EXERCISE BRIEF =>
Exclude images, then output the remaining data verbatim.

DATASET CONTENT =>
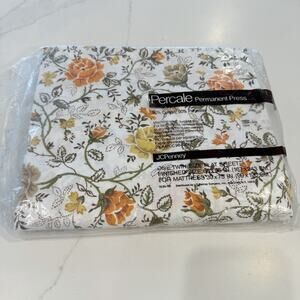 Vintage No Iron Twin Flat Sheet JCPenney Percale Floral Brown Orange White NEW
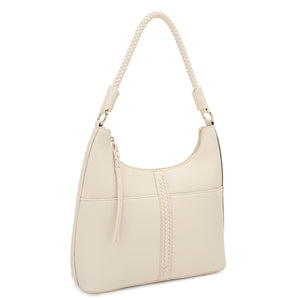 Curved smooth zipper shoulder hobo bag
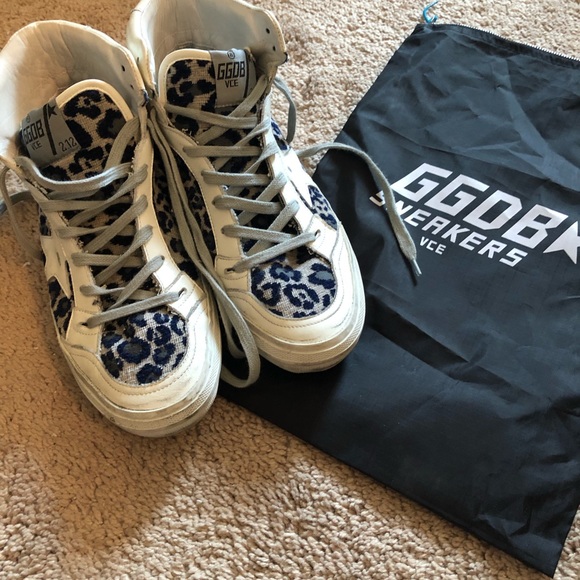 Shoes - Golden goose leopard star high top women’s size 8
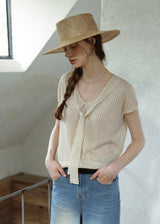 Mirelle Soft Ribbon Knit Top V-Neck Short Sleeve Summer Top(2COLOR)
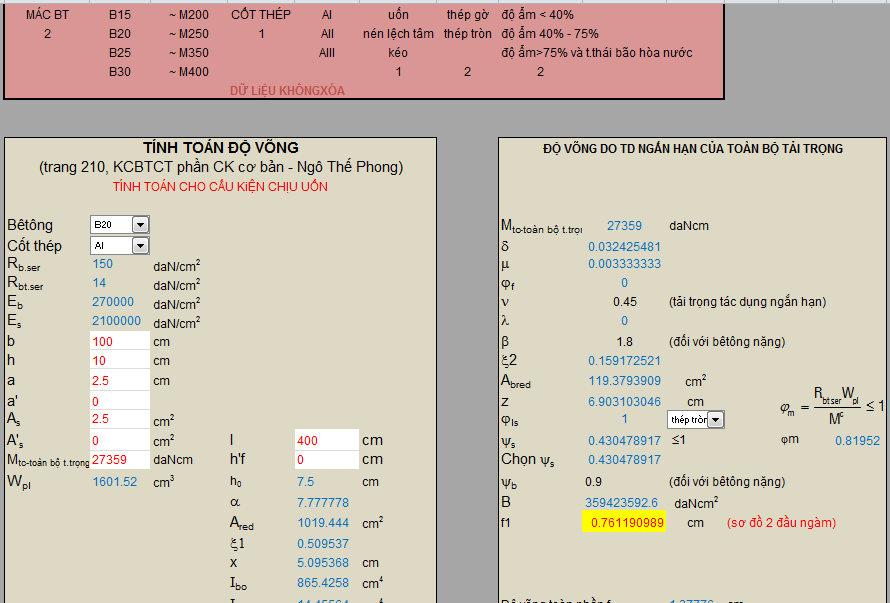 FILE EXCEL TÍNH ĐỘ VÕNG SÀN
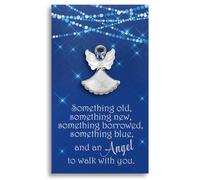 Something Blue for Bride on Wedding Day - Angel for the Bride Pin with Blue Swarovski Stone - Bridal Bouquet Charm - Wedding Shower Gift, L, Resin, crystal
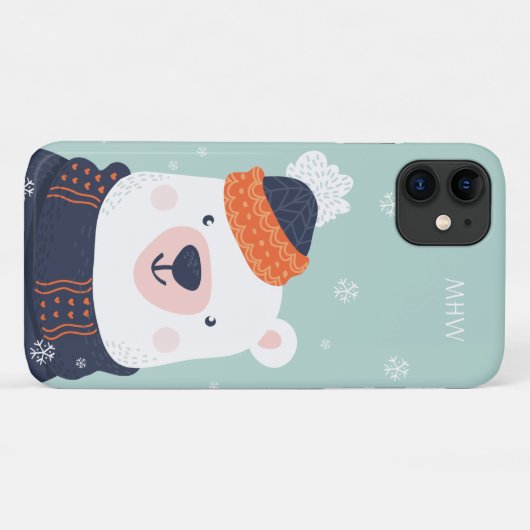 Aangepaste monogram Wintertelefoongesprekken Beer Case-Mate iPhone Case (Achterkant (horizontaal))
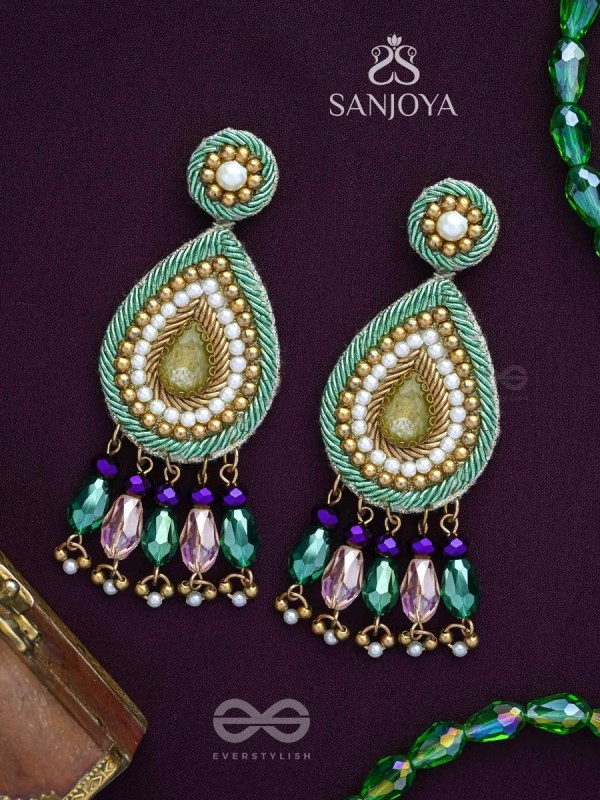 Vishyanda - The Aqua Drop - Beads, Dabka And Stones Hand Embroidered Earrings
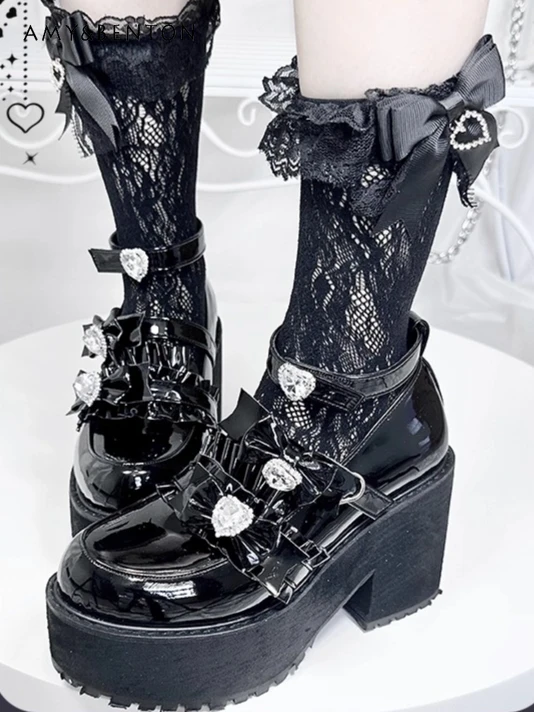

Mine Series Mass-produced Rhinestone Bow High Heels Japanese Sweet Lolita Mary Jane Shoes Spice Girl Subculture Muffin Shoes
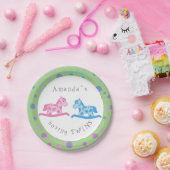 ロッキング馬双子赤ちゃんシャワーパーティー ペーパープレート (パーティー)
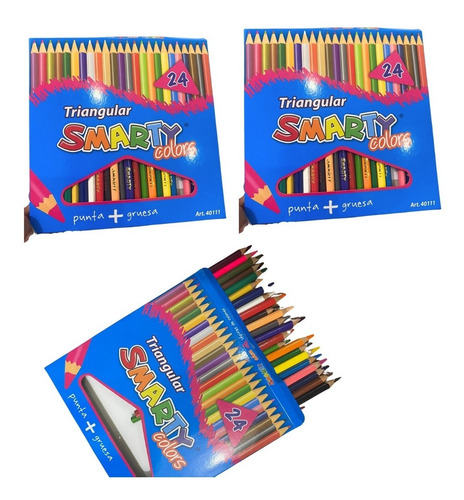 Lápices De Colores C/24 Pzas Triangular Smarty Pack C/3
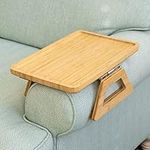 Shamrock Home Bamboo Couch Arm Table, Sofa Table for Couches. Sofa Arm Tray, Armchair Tray for TV Dinners, Remotes, Drinks and Snacks - 13.75 x 9.5in, Beige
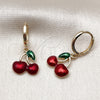 Oro Laminado Dangle Earring, Gold Filled Style Cherry Design, Red Enamel Finish, Golden Finish, 02.282.0031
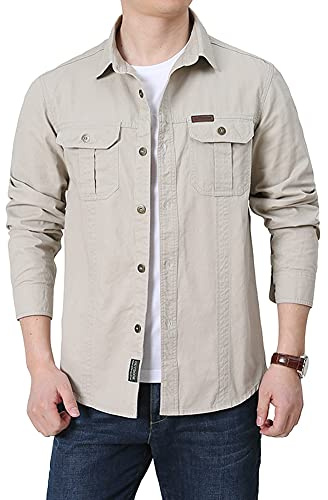 Homme Classique Cotton Printemps Été Automne Chemise Cargo Militaire Bomber Casual Chemise de Travail à Manches Longue Chemises Shirts Chemisette Boutons Veste Cargo Décontractée,Gris,M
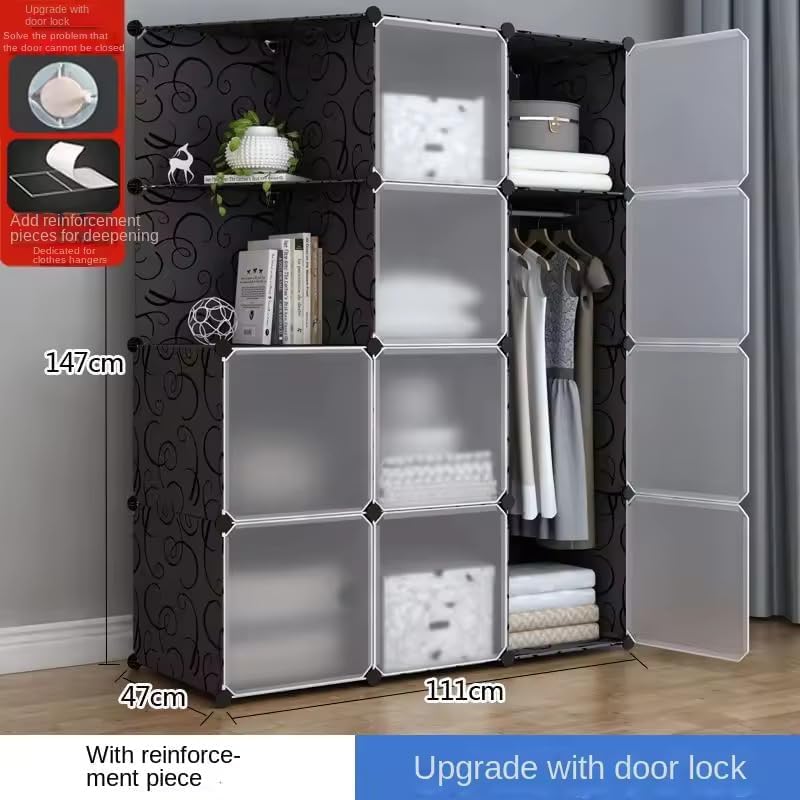 Image of Foldable Plastic Wardrobe for Clothes - Baby Cupboard for Clothes Storage, Wardrobe for Kids, Plastic Almirah, Collapsible Wardrobe for Kids Livingroom & Home (HL1 Black)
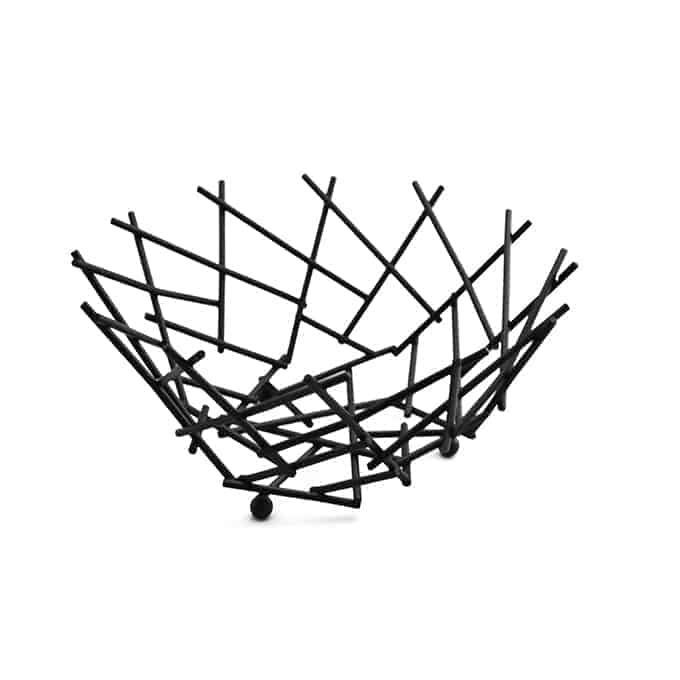 American Metalcraft Smaller Black Round Thatch Fruit Basket, 8 x 3 5/8 inch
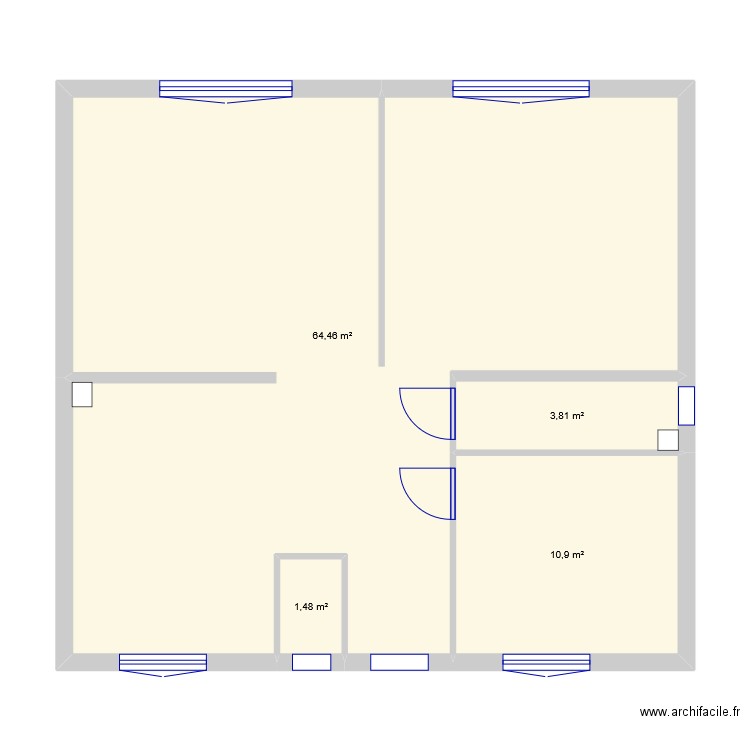 Maison. Plan de 4 pièces et 81 m2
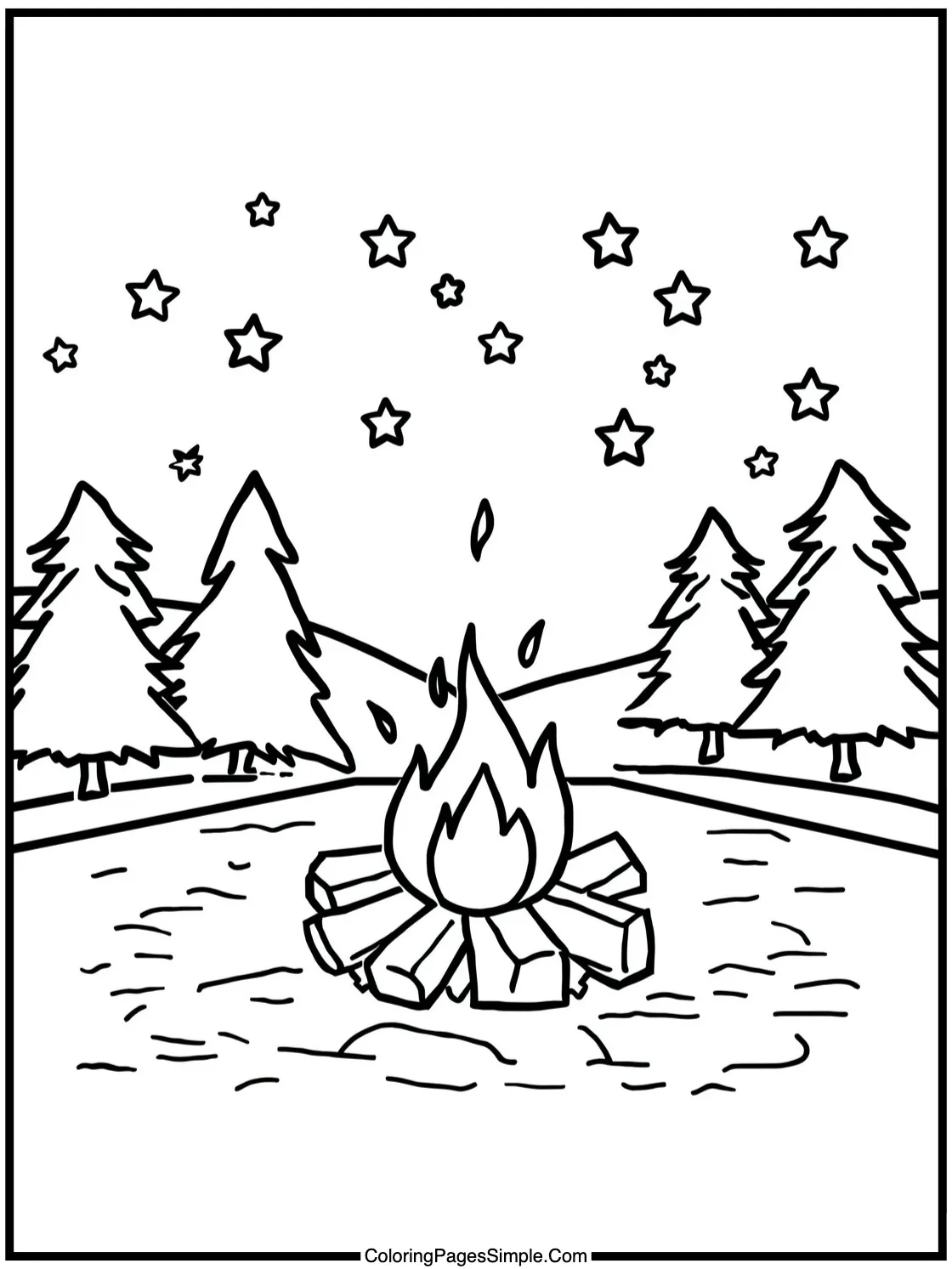 Summer Coloring Page campfire under stars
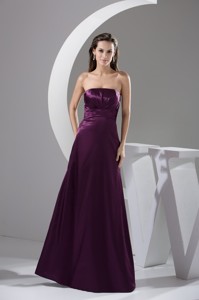 Ruffled and Ruhced Strapless Bodice Full Length Prom Gowns in Purple
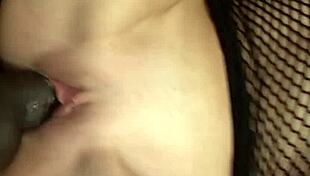 Brunette milf teases before intense BBC action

WRITTEN ANSWER =>
 Vintage No Iron Twin Flat Sheet JCPenney Percale Floral Brown Orange White NEW
 Curved smooth zipper shoulder hobo bag
 Shoes - Golden goose leopard star high top women’s size 8
 Mirelle Soft Ribbon Knit Top V-Neck Short Sleeve Summer Top(2COLOR)
 FILE EXCEL TÍNH ĐỘ VÕNG SÀN
 Something Blue for Bride on Wedding Day - Angel for the Bride Pin with Blue Swarovski Stone - Bridal Bouquet Charm - Wedding Shower Gift, L, Resin, crystal
 Aangepaste monogram Wintertelefoongesprekken Beer Case-Mate iPhone Case (Achterkant (horizontaal))
 Vishyanda - The Aqua Drop - Beads, Dabka And Stones Hand Embroidered Earrings

Mine Series Mass-produced Rhinestone Bow High Heels Japanese Sweet Lolita Mary Jane Shoes Spice Girl Subculture Muffin Shoes
 ロッキング馬双子赤ちゃんシャワーパーティー ペーパープレート (パーティー)
 Lápices De Colores C/24 Pzas Triangular Smarty Pack C/3
 Shamrock Home Bamboo Couch Arm Table, Sofa Table for Couches. Sofa Arm Tray, Armchair Tray for TV Dinners, Remotes, Drinks and Snacks - 13.75 x 9.5in, Beige
 Oro Laminado Dangle Earring, Gold Filled Style Cherry Design, Red Enamel Finish, Golden Finish, 02.282.0031
 Homme Classique Cotton Printemps Été Automne Chemise Cargo Militaire Bomber Casual Chemise de Travail à Manches Longue Chemises Shirts Chemisette Boutons Veste Cargo Décontractée,Gris,M
 Image of Foldable Plastic Wardrobe for Clothes - Baby Cupboard for Clothes Storage, Wardrobe for Kids, Plastic Almirah, Collapsible Wardrobe for Kids Livingroom & Home (HL1 Black)
 American Metalcraft Smaller Black Round Thatch Fruit Basket, 8 x 3 5/8 inch
 Maison. Plan de 4 pièces et 81 m2
 Summer Coloring Page campfire under stars
 Ruffled and Ruhced Strapless Bodice Full Length Prom Gowns in Purple
 Brunette milf teases before intense BBC action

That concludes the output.